▶ [WORK TASK]
An exact repetition of every entry, with no images, is the required answer.

▶ [DATA EXTRACT]

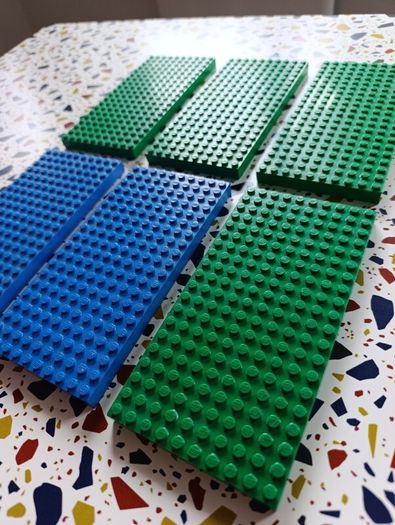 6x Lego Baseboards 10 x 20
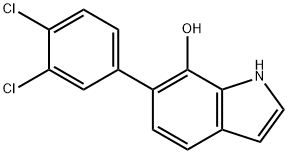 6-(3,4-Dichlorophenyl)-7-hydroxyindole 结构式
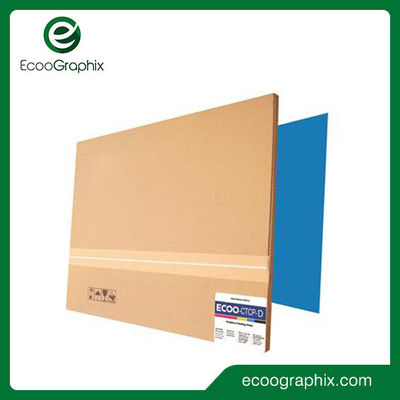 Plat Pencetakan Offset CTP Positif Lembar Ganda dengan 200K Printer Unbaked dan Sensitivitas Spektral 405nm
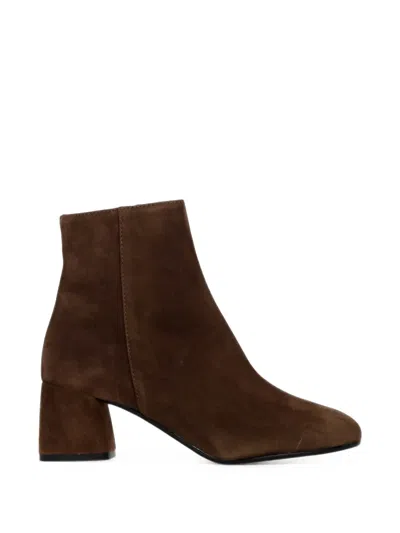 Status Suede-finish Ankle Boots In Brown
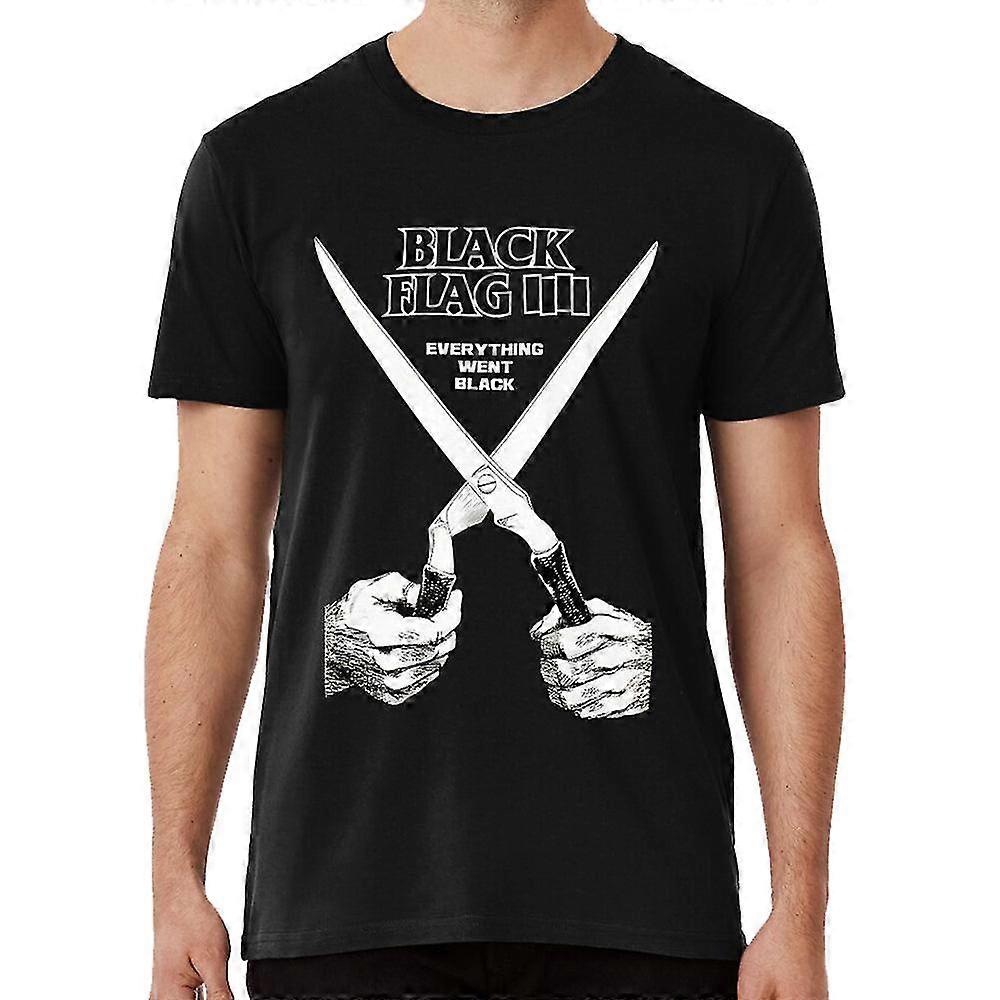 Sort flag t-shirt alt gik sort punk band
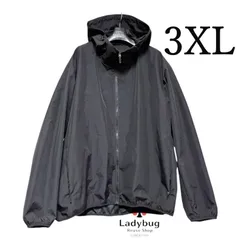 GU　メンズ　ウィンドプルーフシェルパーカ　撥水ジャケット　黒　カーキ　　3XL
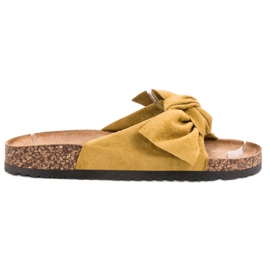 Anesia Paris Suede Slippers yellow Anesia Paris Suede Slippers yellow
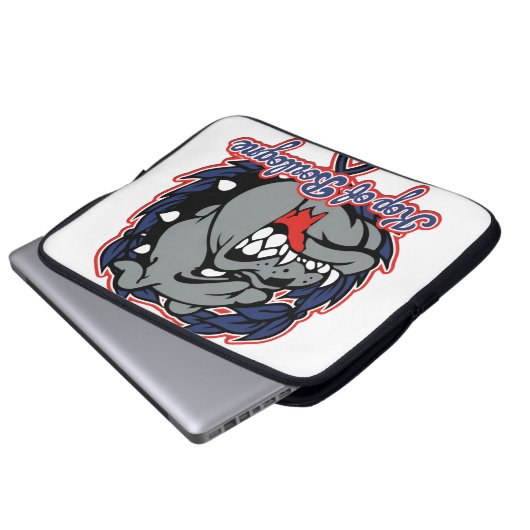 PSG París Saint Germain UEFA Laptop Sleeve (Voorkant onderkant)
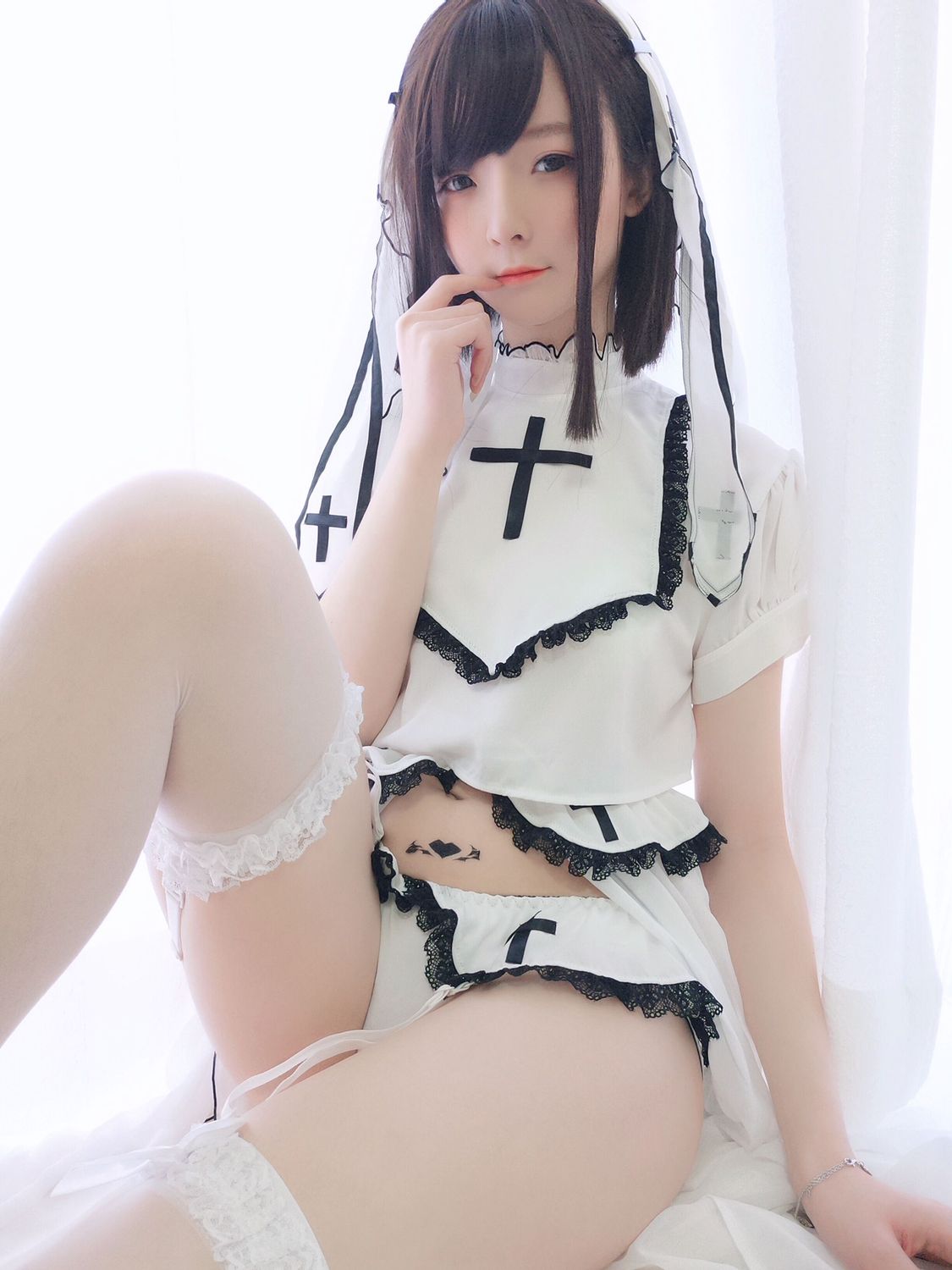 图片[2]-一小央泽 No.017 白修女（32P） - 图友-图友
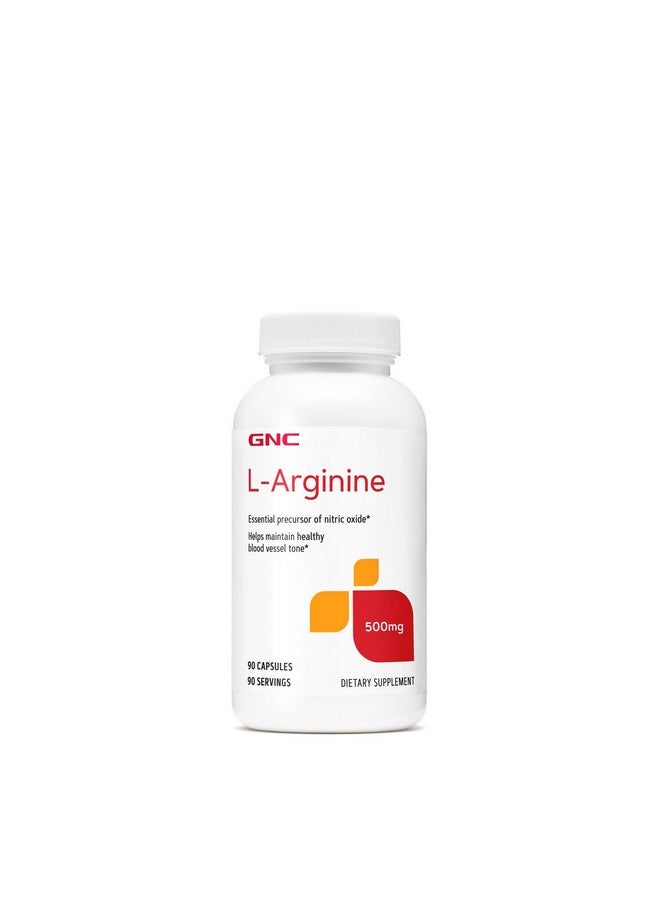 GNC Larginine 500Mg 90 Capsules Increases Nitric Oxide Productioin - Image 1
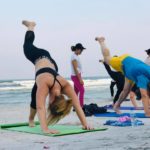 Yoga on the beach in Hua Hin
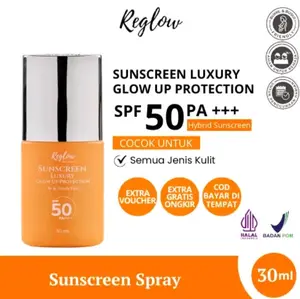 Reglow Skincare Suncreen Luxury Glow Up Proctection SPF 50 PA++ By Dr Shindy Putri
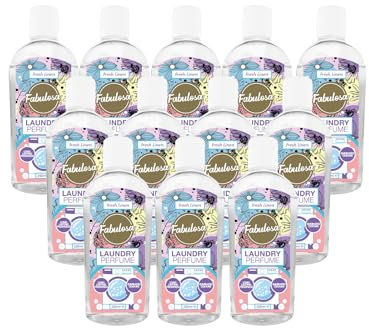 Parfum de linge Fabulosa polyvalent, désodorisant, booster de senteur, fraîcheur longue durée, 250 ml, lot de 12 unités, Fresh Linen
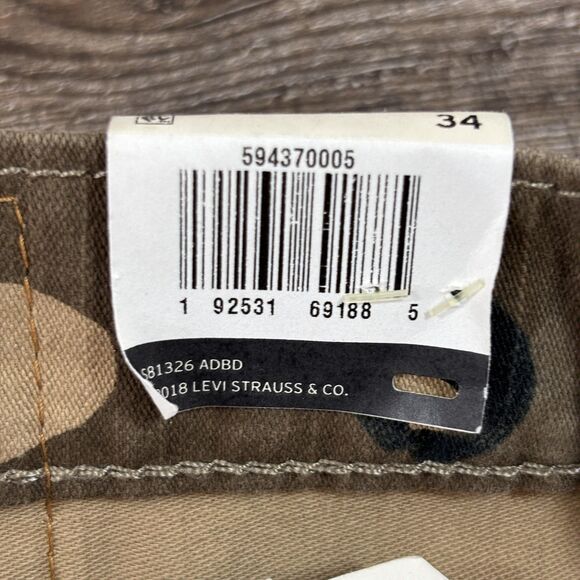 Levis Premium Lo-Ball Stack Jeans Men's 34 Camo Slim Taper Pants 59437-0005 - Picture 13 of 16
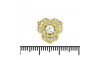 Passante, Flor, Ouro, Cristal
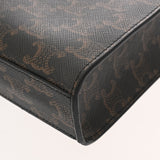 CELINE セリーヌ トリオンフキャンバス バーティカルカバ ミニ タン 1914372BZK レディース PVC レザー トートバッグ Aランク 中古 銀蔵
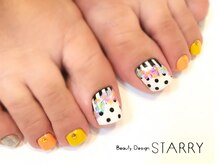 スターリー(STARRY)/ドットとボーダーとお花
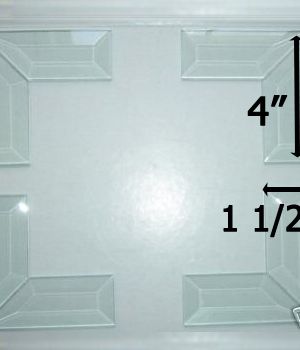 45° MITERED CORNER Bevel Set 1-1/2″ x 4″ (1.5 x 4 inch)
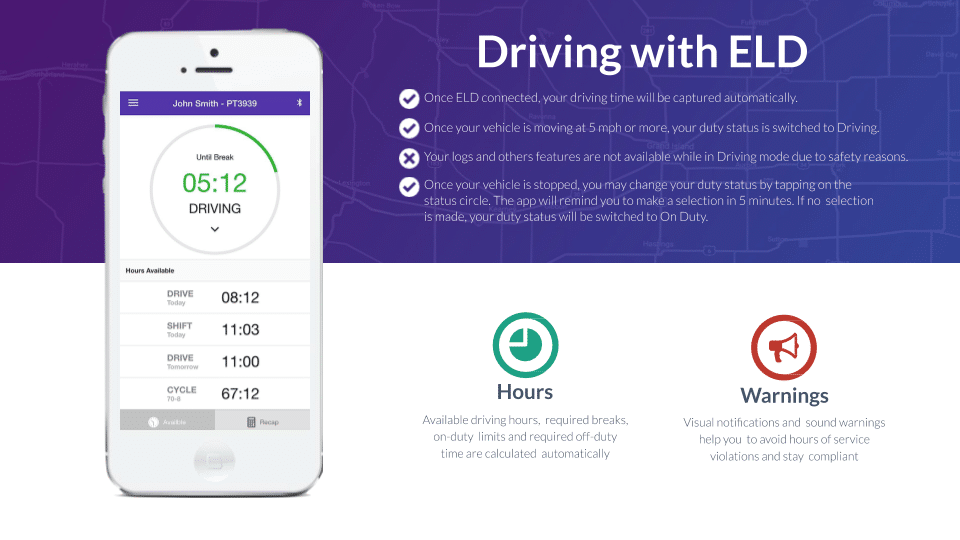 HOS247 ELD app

▶ [RESULT]
 6x Lego Baseboards 10 x 20
 6-(3,4-Dichlorophenyl)-7-hydroxyindole 结构式
 Plat Pencetakan Offset CTP Positif Lembar Ganda dengan 200K Printer Unbaked dan Sensitivitas Spektral 405nm
 Status Suede-finish Ankle Boots In Brown
 Sort flag t-shirt alt gik sort punk band
 GU　メンズ　ウィンドプルーフシェルパーカ　撥水ジャケット　黒　カーキ　　3XL
 Anesia Paris Suede Slippers yellow Anesia Paris Suede Slippers yellow
 PSG París Saint Germain UEFA Laptop Sleeve (Voorkant onderkant)
 图片[2]-一小央泽 No.017 白修女（32P） - 图友-图友
 GNC Larginine 500Mg 90 Capsules Increases Nitric Oxide Productioin - Image 1
 Yoga on the beach in Hua Hin
 Reglow Skincare Suncreen Luxury Glow Up Proctection SPF 50 PA++ By Dr Shindy Putri
 Parfum de linge Fabulosa polyvalent, désodorisant, booster de senteur, fraîcheur longue durée, 250 ml, lot de 12 unités, Fresh Linen
 Levis Premium Lo-Ball Stack Jeans Men's 34 Camo Slim Taper Pants 59437-0005 - Picture 13 of 16
 Passante, Flor, Ouro, Cristal
 CELINE セリーヌ トリオンフキャンバス バーティカルカバ ミニ タン 1914372BZK レディース PVC レザー トートバッグ Aランク 中古 銀蔵
 スターリー(STARRY)/ドットとボーダーとお花
 45° MITERED CORNER Bevel Set 1-1/2″ x 4″ (1.5 x 4 inch)
 HOS247 ELD app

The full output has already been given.